EMEP yerel seçim tutumunu açıkladı: Tek adam ittifakına oy yok!
Yüksek Seçim Kurulu kararıyla parti olarak seçime girmesi engellenen Emek Partisi, yerel seçimlere ilişkin tutumunu açıkladı.
Fotoğraf: Evrensel
Emek Partisi (EMEP) yaptığı yazılı açıklamayla yerel seçim tutumunu beyan etti. Yüksek Seçim Kurulu (YSK) kararıyla parti olarak seçime girmesi engellenen EMEP'in açıklamasında "Partimiz seçim sürecinde gerici iktidarı geriletmenin öncelikle emek demokrasi güçlerinin mücadele birliğiyle mümkün olacağını düşünmektedir.

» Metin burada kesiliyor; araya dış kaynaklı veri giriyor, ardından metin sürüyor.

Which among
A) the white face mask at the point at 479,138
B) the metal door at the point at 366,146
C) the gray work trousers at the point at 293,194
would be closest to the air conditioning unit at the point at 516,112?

Öncelik bu ortak mücadelenin geliştirilmesindedir ve seçimleri de mücadele alanlarından, araçlarından biri olarak görür" denildi.
"KAYYIMA DEVREDİLMİŞ BELEDİYELERİN GERİ ALINMASI ESASTIR"
"Seçilmiş belediye başkanlarının görevden alındığı bölgelerde kayyıma devredilmiş belediyelerin geri alınması esastır" denilen açıklamada, EMEP'in bölgede, birlikteliğin sağlandığı ölçüde seçime HDP ile birlikte gireceği, diğer kayyım bölgelerinde de HDP’yi destekleyeceği belirtildi.
"EMEK VE DEMOKRASİ GÜÇLERİNİN BİRLİĞİNİN SAĞLANDIĞI HER YERDE, İLAN EDİLEN ÇATI ALTINDA SEÇİME GİRİLECEK"
Diğer bölgelerin, bölgedeki emek demokrasi güçlerinin varlığına, yeteneklerine, gücüne bağlı olarak ayrı ayrı değerlendirildiği belirtilen açıklamada, "Buna göre; parti olarak seçimlere girmemiz engellenmiş olsa da, emek ve demokrasi güçlerinin birliğinin sağlandığı her yerde güç birliğinin ilan ettiği bir çatı altında seçimlere girilecektir. Çatı koşullarının oluşamadığı yerlerde güç birliğinin ortak bağımsız adaylarıyla yürünecek; güç birliğinin sağlanamadığı durumlar söz konusuysa partimiz gerekli gördüğü yerellerde bağımsız adaylarla seçime girecektir" ifadelerine yer verildi.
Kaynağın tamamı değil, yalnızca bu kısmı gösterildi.